Will "global" cache_read be precomputed for constant input?

Rasterer · November 23, 2018, 2:35am

For example, in the conv2d cases, I’d like to cache_read kernel weights to another global buffer and do some tiling there before calculation. Will cache_read be precomputed in this case?

thierry · November 23, 2018, 2:08am

Is this in the context of VTA? or are you targeting another backend?

Rasterer · November 23, 2018, 2:20am

I am now targeting arm_cpu backend

thierry · November 23, 2018, 8:42am

I’m not sure I understand your question: could you be more specific about what you mean by pre-computing the cache_read?

Rasterer · November 23, 2018, 9:38am

Please see the usage in https://github.com/dmlc/tvm/blob/master/topi/python/topi/arm_cpu/depthwise_conv2d.py#L62
I am just curious if the kernel packing can be computed in advance(should be possible because kernel weights are constant) or must be computed at runtime?

merrymercy · November 25, 2018, 9:13am

It won’t be computed in advance. Because it is a single TVM op, while precompute is a NNVM pass which works on nnvm symbol.

So what we do is to separate this conv into two nnvm symbols, one does convolution and the other does weight transform. Then the weight transform symbol can be pre-computed.

We do this by registering alter_op_layout in nnvm. See relate code for conv2d

github.com

dmlc/tvm/blob/9473dca266e307cf1f9faece219af111686ca946/topi/python/topi/arm_cpu/conv2d.py#L526


    if 'winograd_conv2d_output' in op.tag:
        output = op.output(0)
        _schedule_winograd(cfg, s, output, outs[0])

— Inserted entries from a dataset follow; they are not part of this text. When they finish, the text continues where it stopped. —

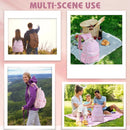 Ruffle Plaid Backpack Girl Pink/Blue Nylon For Women Outdoor Travel Weekend Book Schoolbags Back To School Gifts For Kids - M & M Global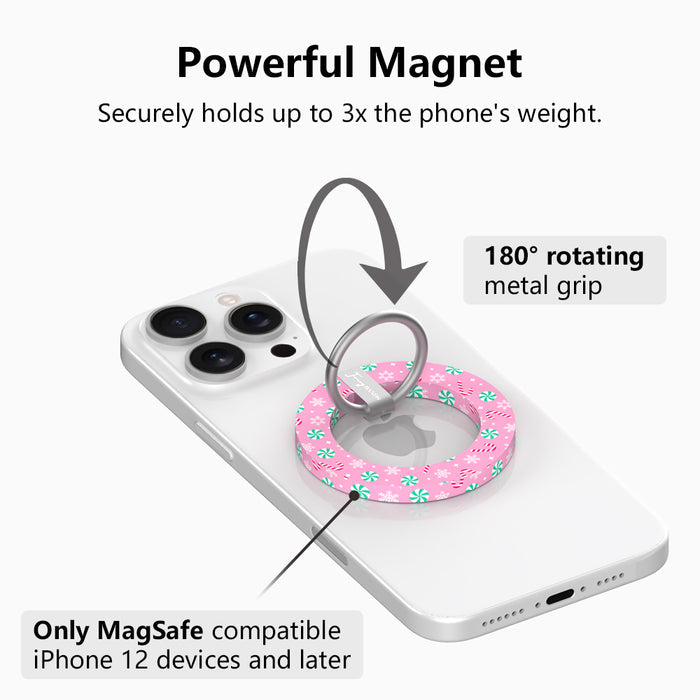 Peppermint Cutie MagSafe grip ring with 180 degree rotating silver ring, holds up to 3x the phone's weight, for MagSafe iPhone 12 and later
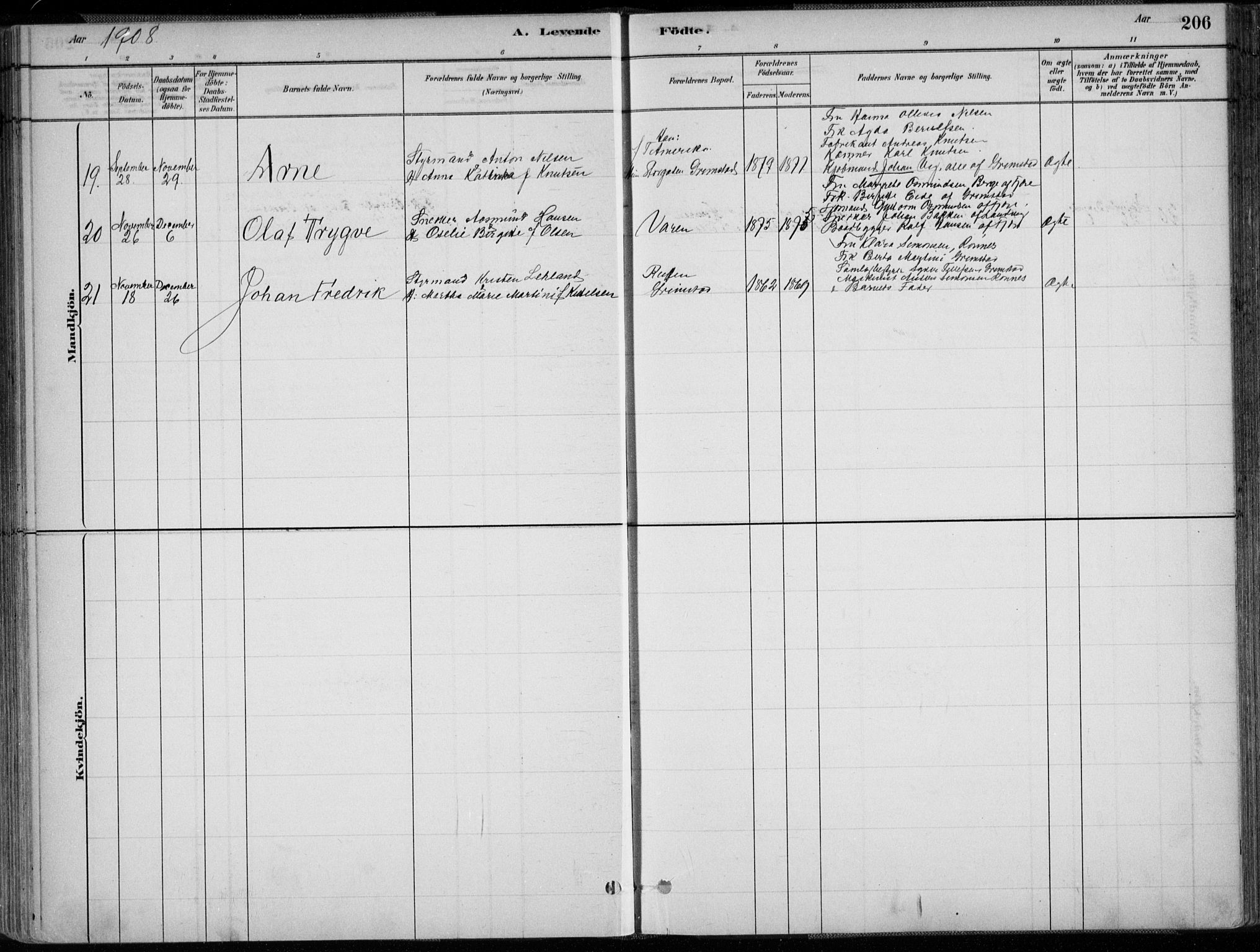 Grimstad sokneprestkontor, SAK/1111-0017/F/Fa/L0003: Parish register (official) no. A 2, 1882-1912, p. 206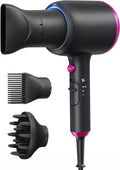 Hair Dryer with Diffuser, 1875W Ionic Blow Dryer for Women - 3 Attachments, Small Curling Wand for Short & Long Hair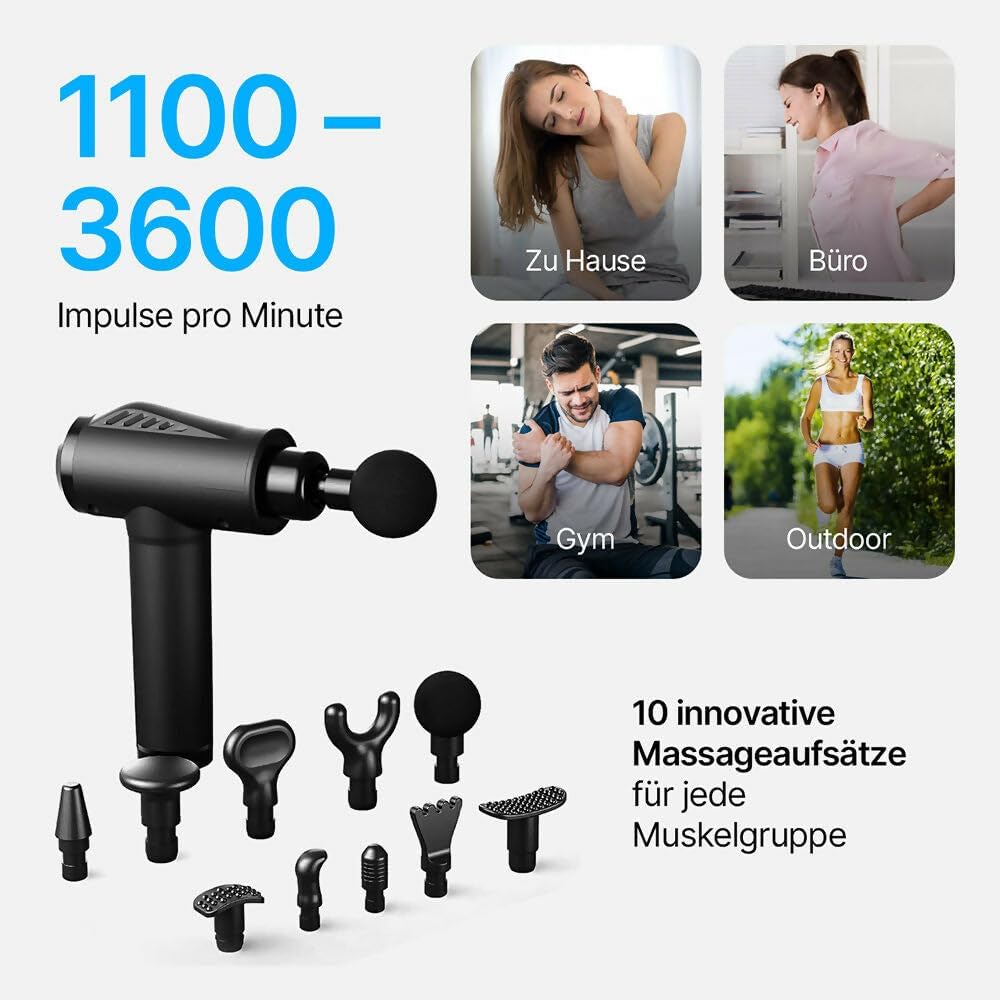 Massagepistole mit 30 Geschwindigkeiten / Massagepistole für Tiefenmuskelmassage mit bis zu 3600 Impulsen/Min. / 10 Aufsätze für Nacken, Rücken & Körper / mit LCD-Touchscreen – Bild 6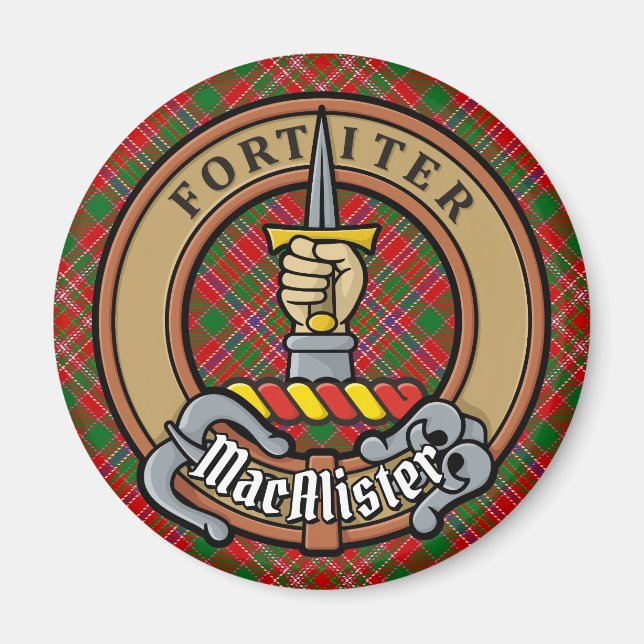 Aimant Clan MacAlister Crest sur Tartan (Devant)
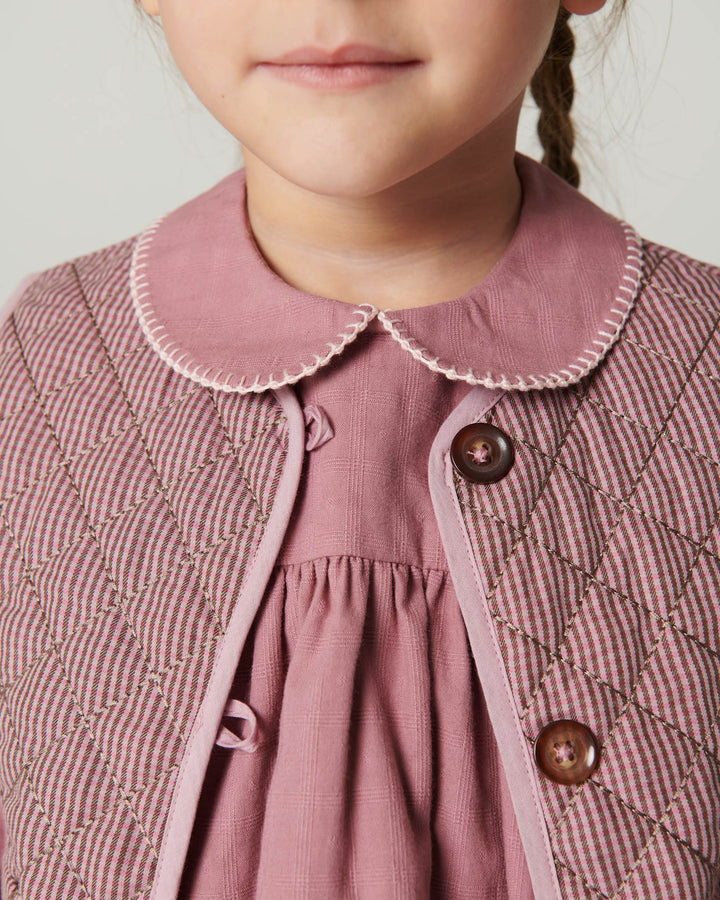 Checkered Quilted Vest - Winter Rose Check Comb.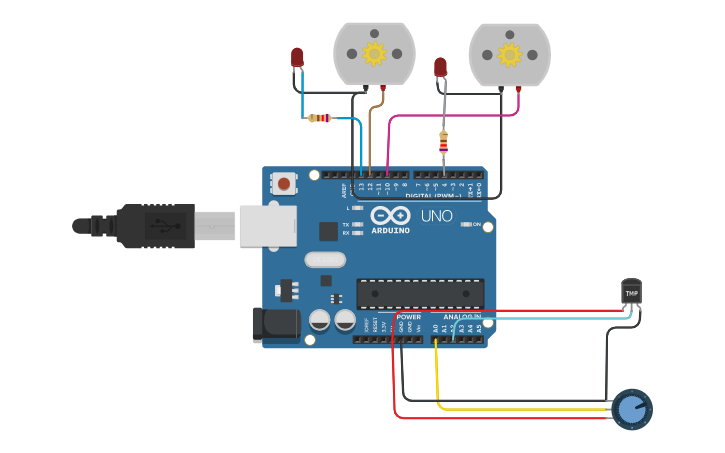 Circuit design huerta inteligente Arduino - Tinkercad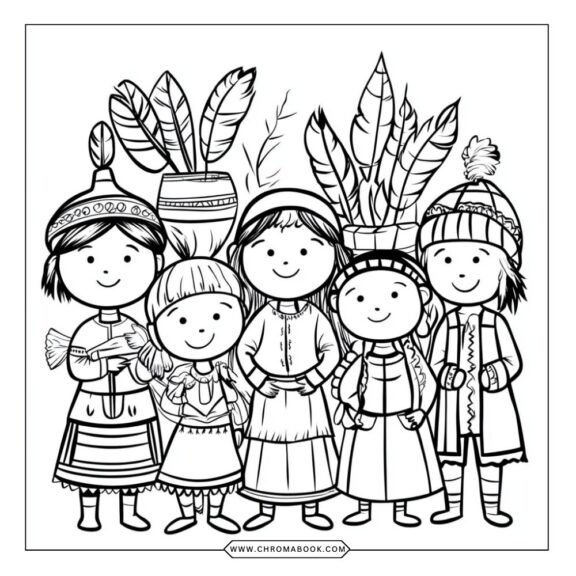 A detailed colonial life scene featuring settlers, farm animals, and traditional homes, perfect for a coloring page. Free printable!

traverse_inline(s, outs[0].op, _callback)
return s




##### REGISTER ALTER OP LAYOUT #####
@conv2d_alter_layout.register(["arm_cpu"])
def _alter_conv2d_layout_arm(attrs, inputs, tinfos):
"""Alter op layout for pre-computing kernel transformation"""
import nnvm.symbol as sym
copy_inputs = [s for s in inputs]


new_attrs = {k: attrs[k] for k in attrs.keys()}


dilation = attrs.get_int_tuple("dilation")
strides = attrs.get_int_tuple("strides")
padding = attrs.get_int_tuple("padding")
groups = attrs.get_int('groups')

Rasterer · November 26, 2018, 5:40am

@merrymercy The layout altering will not happen in autotvm path, so need use debug_skip_region to exclude it from tuning time measurement. Is my understanding correct?

merrymercy · November 26, 2018, 3:55pm

You are right.

Rasterer · November 27, 2018, 5:25am

Great, thanks a lot for clarification.